• **The problem**: In your copy of the data, keep every word exact and include no pictures.

• **Given material**:
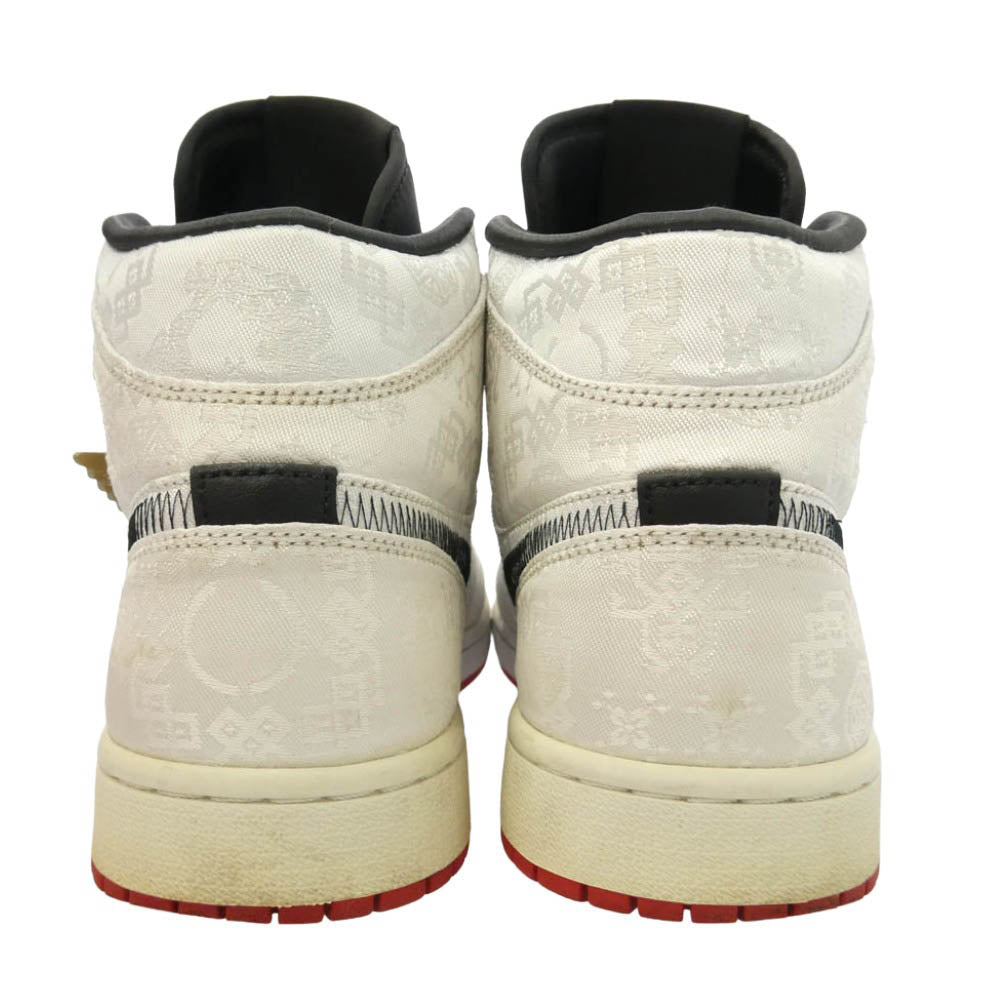 NIKE ナイキ CU2804-100 x CLOT クロット Air Jordan 1 Mid SE Fearless AJ1 ミッド フィアレス スニーカー シルバー系 ブラック系 27cm【中古】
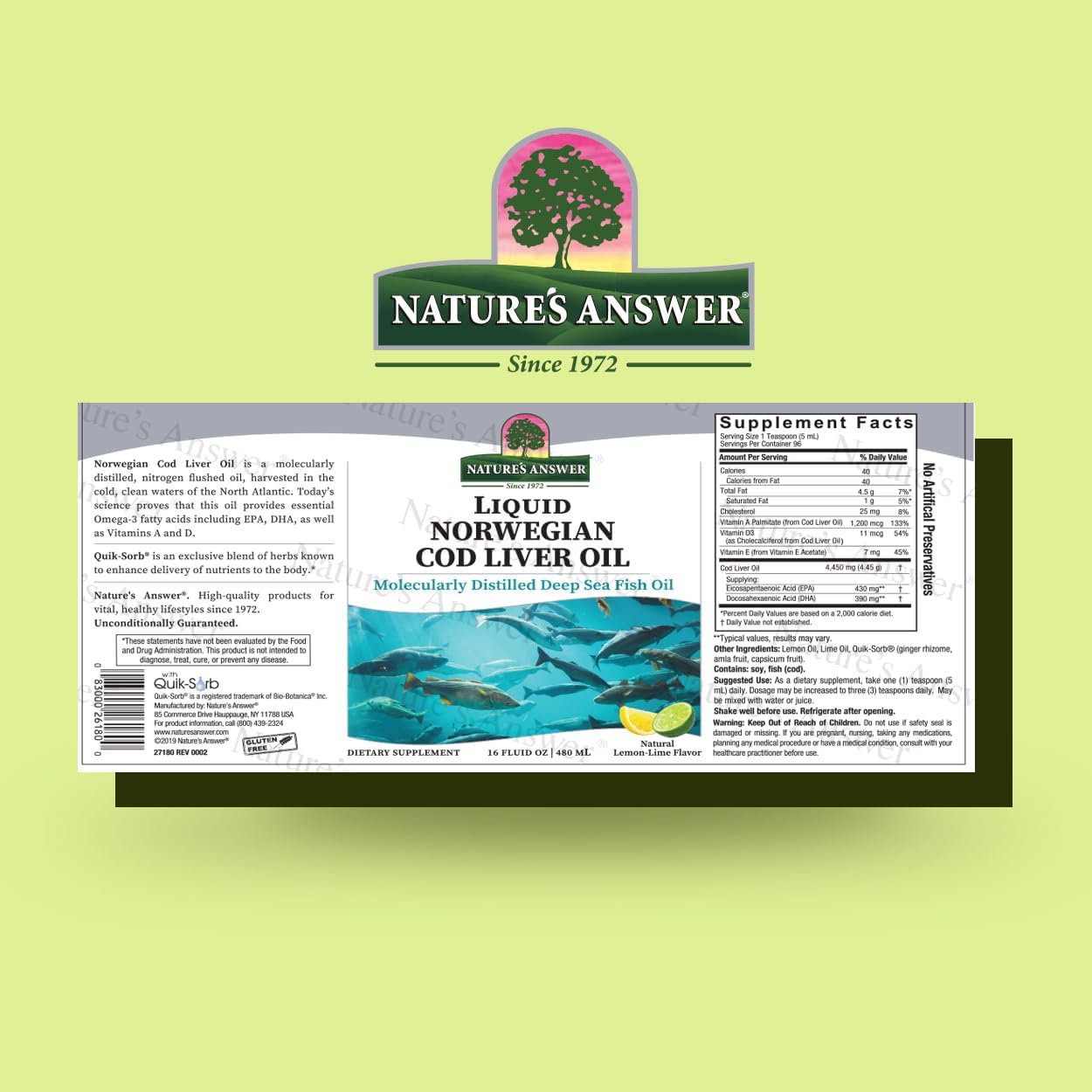Pack of 2 Nature's Answer Cod Liver Oil Liquid Supplement, 16 oz | Supports Heart & Brain Health | Cognitive & Cardiovascular Support | Delicious Flavor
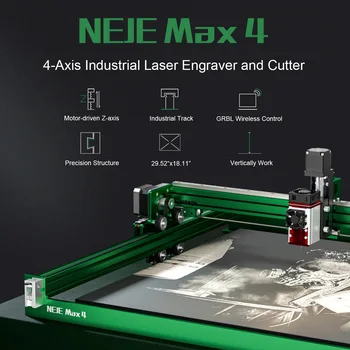 NEJE חרט לייזר מקס 4 Diy מכונת חריטת לייזר חותך 10W 4-ציר התעשייה לייזר חרט CNC מדפסת מכונת חיתוך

• **Problem solution**:
 NIKE ナイキ CU2804-100 x CLOT クロット Air Jordan 1 Mid SE Fearless AJ1 ミッド フィアレス スニーカー シルバー系 ブラック系 27cm【中古】
Pack of 2 Nature's Answer Cod Liver Oil Liquid Supplement, 16 oz | Supports Heart & Brain Health | Cognitive & Cardiovascular Support | Delicious Flavor
 NEJE חרט לייזר מקס 4 Diy מכונת חריטת לייזר חותך 10W 4-ציר התעשייה לייזר חרט CNC מדפסת מכונת חיתוך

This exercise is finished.